# to run a trap or not to run a trap....?



## plumb nutz (Jan 28, 2011)

Remodeling a bath. The tub sits on an overhang leaving the trap exposed in the exterior of the house. Whoever plumbed the drain installed the trap 2' from the center of the tub. So I'm wondering if I should recipe with a running trap or run the drain correctly and insulate the heck our of and pray it doesn't freeze


----------



## Widdershins (Feb 5, 2011)

plumb nutz said:


> Remodeling a bath. The tub sits on an overhang leaving the trap exposed in the exterior of the house. Whoever plumbed the drain installed the trap 2' from the center of the tub. So I'm wondering if I should recipe with a running trap or run the drain correctly and insulate the heck our of and pray it doesn't freeze


 Why is the overhang not already insulated and closed in?

If the overhang is part of the homes living space, then the exposed portion of the overhang should be insulated to local energy code requirements and closed up.

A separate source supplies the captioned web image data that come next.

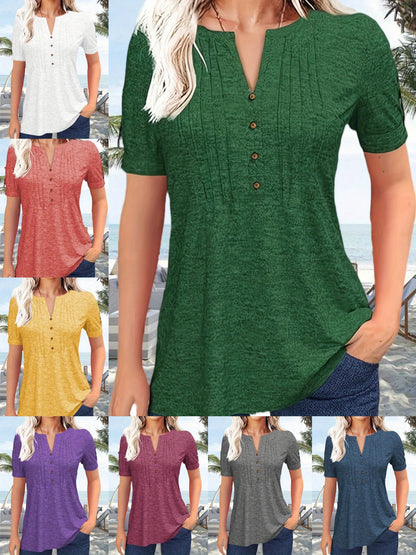 Women's Hot-selling Summer Casual V-Neck Pleated Blouse Short Sleeve Button-Up Solid Color Top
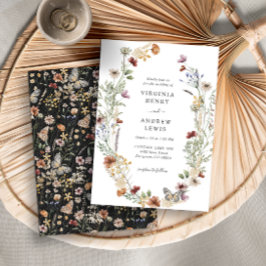 Invitación de boda boho negra
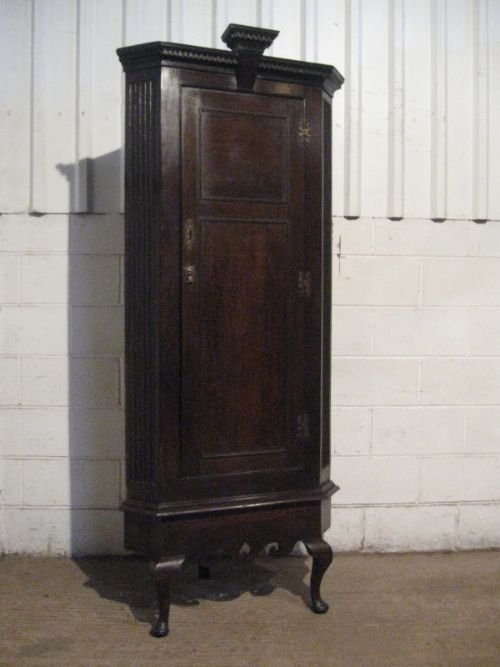 antique georgian oak full height corner cupboard on stand c1780 wdb25054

As for how to Plumb it, hopefully You're permitting the work and having it inspected -- Which means You're going to have to do it to minimal Code requirements, which likely prohibit the use of running traps.

Hope that answers your question.


----------



## plumb nutz (Jan 28, 2011)

It's a remodel. As long as there is no change to the original plumbing layout there is no permit required (ie... there is a bathroom already there and I'm not adding anything

Yes there is insulation there, it is closed up, however, saying it won't freeze in an overhang even when its "properly" sealed? I've repaired way too many.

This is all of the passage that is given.